A GRC system can help in inventorying and classifying data, and in documenting and monitoring the required security controls. Such a tool can help aid in a more efficient and effective approach to privacy and information security, organization-wide; and ultimately can help lessen the burden of the end-user and/or information technology staff.
Numerous compliance obligations, as required by law, regulation and contractual agreements, require institutions to monitor activity through questionnaires and surveys pertaining to information security and privacy, as well as other risk-related areas. Web-based questionnaires based around compliance requirements can be built and distributed using a GRC tool, rather than having a variety of manual processes in place – no more spreadsheets emailed back and forth!
Most GRC solutions offer cross-referenced security controls related to compliance and other standards and frameworks, allowing the end-user to answer one question which will trigger or skip another based on the answer. Rather than filling out numerous disconnected spreadsheets asking similar questions, the end-user or IT staff can be prompted to verify previously entered and saved information at predetermined intervals, in order to satisfy overlapping compliance requirements. The tracking of information assets can be managed and data on endpoints can be maintained in a more efficient and effective process.
The use of one portal for all governance, risk and compliance needs supports a collaborative approach between internal offices such as audit, information privacy, security and compliance, to name a few. Data entered and used for one aspect of the governance, risk, and compliance processes can be accessed and re-used for another aspect without requiring end-users or IT staff to re-enter their responses. This is particularly effective when used for the full life-cycle of GRC processes: managing inventories of assets, compiling inventories of compliance obligations, recording answers to self-assessments of assets against compliance obligations, automatically monitoring compliance (for some types of controls such as firewall settings and workstation settings), identifying gaps in compliance, applying risk assessment variables to those gaps, choosing the highest risk gaps to address, and tracking remediation plans to reduce those risks, archiving data, and providing reporting. Considering that these processes should be taking place at regular intervals such as annually or bi-annually, automating them through an integrated, enterprise-wide GRC can make this daunting task feasible, efficient, and effective.

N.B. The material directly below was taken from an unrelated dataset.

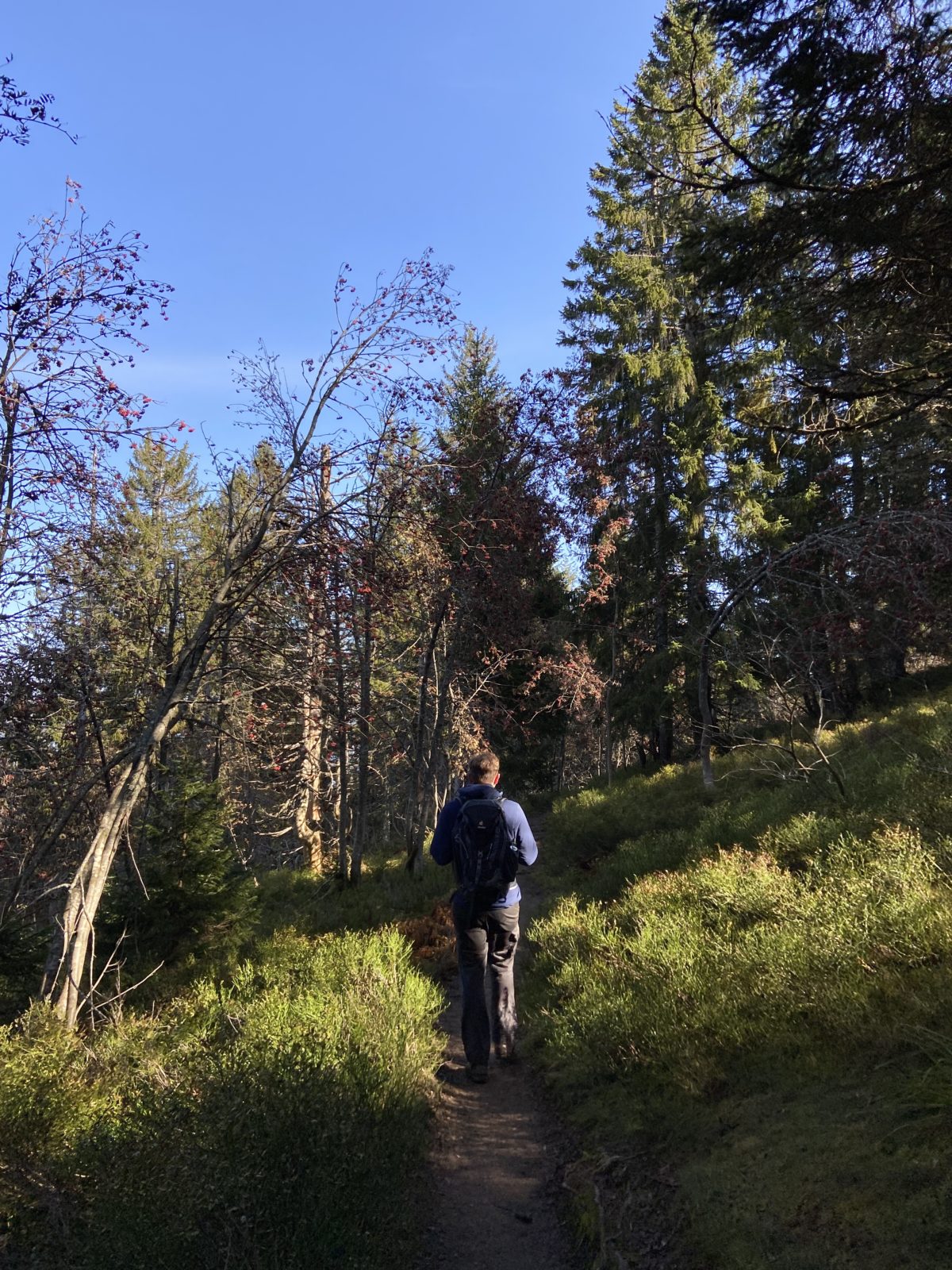 Herbst 2020: Feldbergsteig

Many GRC systems offer designated and dynamic dashboards to allow units to self-manage their own compliance and risk, with oversight from respective internal authorities. Through reporting features, senior leadership also has the option to quickly assess the overall compliance posture of the institution, identify gaps, measure risk, do trend analysis, and use this information when strategic planning and allocating resources.
Is a GRC system only used by Information Technology?
Although many GRC systems on the market today only encompass what is called IT-GRC, or started out only offering an IT-GRC solution, these systems are being designed for and used by many other areas of the business today, including enterprise policy management, enterprise risk management, compliance tracking for areas such as Environmental Health & Safety, and even for management of Internal Audit processes. As you can imagine, if you find a way to automate some basic processes that IT needs to manage, you could then USE those processes in any number of business areas.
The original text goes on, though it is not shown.